The Central Limit Theorem and Related Topics

The Central Limit Theorem

If measurements are obtained independently and come from a process with finite variance, then the distribution of their mean tends towards a Gaussian (normal) distribution as the sample size increases.

Fig. 30

Figure: The standard normal density

Details

The Central Limit Theorem states that if $X_1, X_2, \ldots$ are independent and identically distributed random variables with mean $\mu$ and (finite) variance $\sigma^2$ , then the distribution of $\bar{X}_n:= \displaystyle\frac{X_1+\dots+X_n}{n}$ tends towards a normal distribution. It follows that for a large enough sample size $n$ , the distribution random variable $\bar{X}_n$ can be approximated by $N(\mu,\sigma^2/n)$ .

The standard normal distribution is given by the p.d.f.:

$\varphi(z) = \displaystyle\frac{1}{\sqrt{2\pi}} e^{\displaystyle\frac{-z^2}{2}}$

for $z\in \mathbb{R}$

The standard normal distribution has an expected value of zero:

$\mu =\displaystyle\int z\varphi (z)dz =0$

and a variance of:

$\sigma^2 =\displaystyle\int ({z-\mu})^2 \varphi(z)dz=1$

If a random variable $Z$ has the standard normal (or Gaussian) distribution, we write $Z\sim N(0,1)$ .

If we define a new random variable, $Y$ , by writing $Y=\sigma Z + \mu$ , then $Y$ has an expected value of $\mu$ , a variance of $\sigma^2$ and a density (p.d.f.) given by the formula:

$f(y) = \displaystyle\frac{1}{\sqrt{2\pi}\sigma} \ e^{\displaystyle\frac{-(y-\mu)^2}{2\sigma^2}}$

This is general normal (or Gaussian) density, with mean $\mu$ and variance $\sigma^2$ .

The Central Limit Theorem states that if you take the mean of several independent random variables, the distribution of that mean will look more and more like a Gaussian distribution (if the variance of the original random variables is finite).

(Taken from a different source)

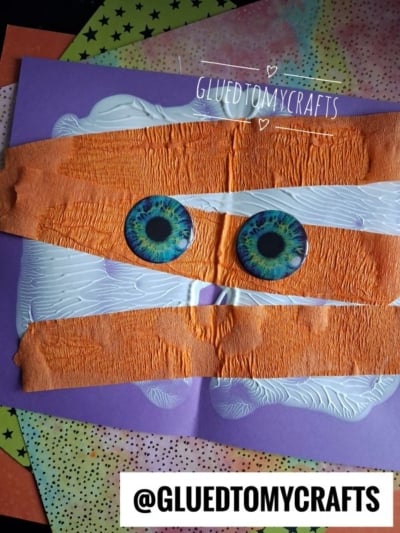 A kids paint splat mummy craft made with orange tape, two large green eyes, and white paint splatters on purple paper. Colorful star and dot papers are in the background. @GLUETOMYCRAFTS is written on the image.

More precisely, the cumulative distribution function of:

$\displaystyle\frac{\bar{X}_n - \mu}{\sigma/\sqrt{n}}$

converges to $\Phi$ , the $N(0,1)$ cumulative distribution function.

Examples

Example

If we collect measurements on waiting times, these are typically assumed to come from an exponential distribution with density

$f(t)=\lambda e^{-\lambda t},\textrm{ for } t>0$

The Central Limit Theorem states that the mean of several such waiting times will tend to have a normal distribution.

Example

We are often interested in computing:

$w=\displaystyle\frac{\bar{x}-\mu_0}{\displaystyle\frac{s}{\sqrt{n}}}$

which comes from a $T$ distribution (see below), if the $x_i$ are independent outcomes from a normal distribution.

However, if $n$ is large and $\sigma^2$ is finite then $w$ values will look as though they came from a normal distribution. This is in part a consequence of the Central Limit Theorem, but also of the fact that $s$ will become close to $\sigma$ as $n$ increases.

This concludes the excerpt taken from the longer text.